Critical state physics principles can account for how variations in permeability become distributed spatially. This distribution is the second and final piece of information needed to determine whether the departures of ln permeability from its mean will lead to flow channeling.
One example is the application of critical state physics to the phenomenon of opalescence. Opalescence is the clouding of an otherwise clear liquid such as CO2 at its critical temperature and pressure. Observed almost 200 years ago, this phenomenon was understood 100 years later to be related to spatial optical index fluctuations in the critical liquid which scatter light, thereby clouding the liquid. In the last 50 years, the amplitudes of these fluctuations have been found to be power law distributed as a function of their physical length scale. The longer the length scale of the fluctuation, the larger the amplitude of its density change. For example, if the density variations were decomposed into their Fourier components, the longer wavelengths would have a greater amplitude. The square of the amplitude might vary as 1/k, where k=2π/ λ, where λ is the wavelength of the Fourier component.
Properties that vary spatially in a power law 1/k fashion are scale invariant in the sense that you cannot deduce scale in an image of the material that contains the property. In the case of opalescence in a clear liquid, the pattern of optical index variations captured in a photo frame of tenths of a millimeter on a side looks the same and is statistically the same as that captured in frames that are millimeters on a side. Furthermore, the onset of density variations and the clouding they cause is related to a “structure function” such as ε = (T – Tc)/Tc, where T is the system temperature, and Tc is the critical point temperature (e.g., [16]). Importantly, the opalescence is clearly related to the proximity to the critical point and not to other properties of the fluid.
The critical-state percolation model [17,18] provides additional insight. In the simplest version of a percolation model, nodes in a square grid are connected to their neighbors by bonds that are either open (and allow flow between nodes) or closed (and allow no flow). If open bonds are randomly assigned according to some probability, there is a critical fraction of open bonds at which at least one pathway of conducting bonds spans the sample. Near this critical sample-spanning fraction, percolation model properties such as permeability, electrical conductivity, and diffusion coefficient are found to be power functions, and universally depend more on spatial dimension than the morphology (internal construction) of the medium [18]. This potentially greatly simplifies understanding rock properties. The flow backbone in the sample-spanning cluster is found by deleting all the dead-end conducting bonds where no flow occurs. The flow backbone provides a basis for the depiction of backbone fracture seismic flow structures shown in the bottom section of Figure 1. Note that the seemingly dead-end backbones of flow in Figure 1 could connect to overlying or underlying depth slices through the volume, or could discharge into a broadened flow.

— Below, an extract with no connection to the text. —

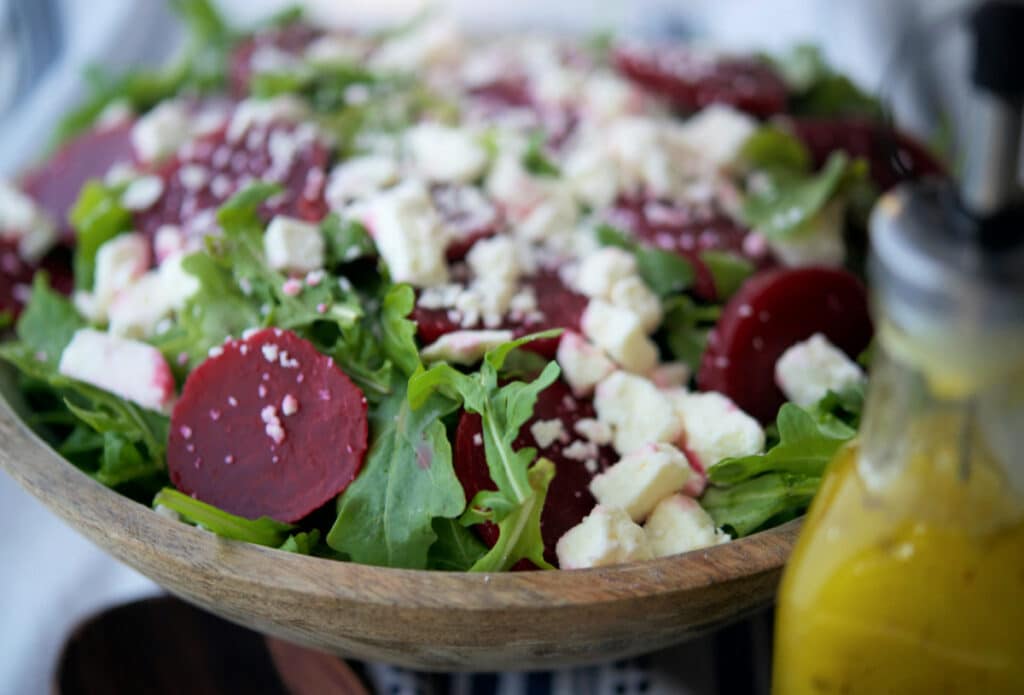 A close up of arugula salad with beets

2.1.3. The Critical State of the Earth’s Crust

A major insight of the late 20th Century in the Earth Sciences is that the earth’s crust is stressed by plate tectonic forces, such that it is in a state of constant incipient failure [19]. The brittle crust is riddled with fractures that are always at or near mechanical failure. Fractures are power scaling or scale-invariant characteristics of rock [11]. Geologists must place a hammer or some other object of known scale in a picture of veins or fracture traces to indicate their scale (e.g., [11]). Leary et al. (2018) [13] have shown that the αφ0 parameter in Equation (2) above, plays the same role in the deformation of the earth’s crust as the critical temperature plays in opalescence. If αφ0 is between 3 and 4, the crust is in a state of constant incipient failure. The result is that the spatial distribution of fractures is power law, and it follows that the spatial distribution of permeability is power law. Barton, Camerlo, and Bailey, 1997 [20] have shown that the distribution of fracture trace lengths is also power scaling. Leary et al. (2018) [13] show that αφ0 is between 3 and 4 for a wide variety of sedimentary rock, which means that they are in a state of incipient failure.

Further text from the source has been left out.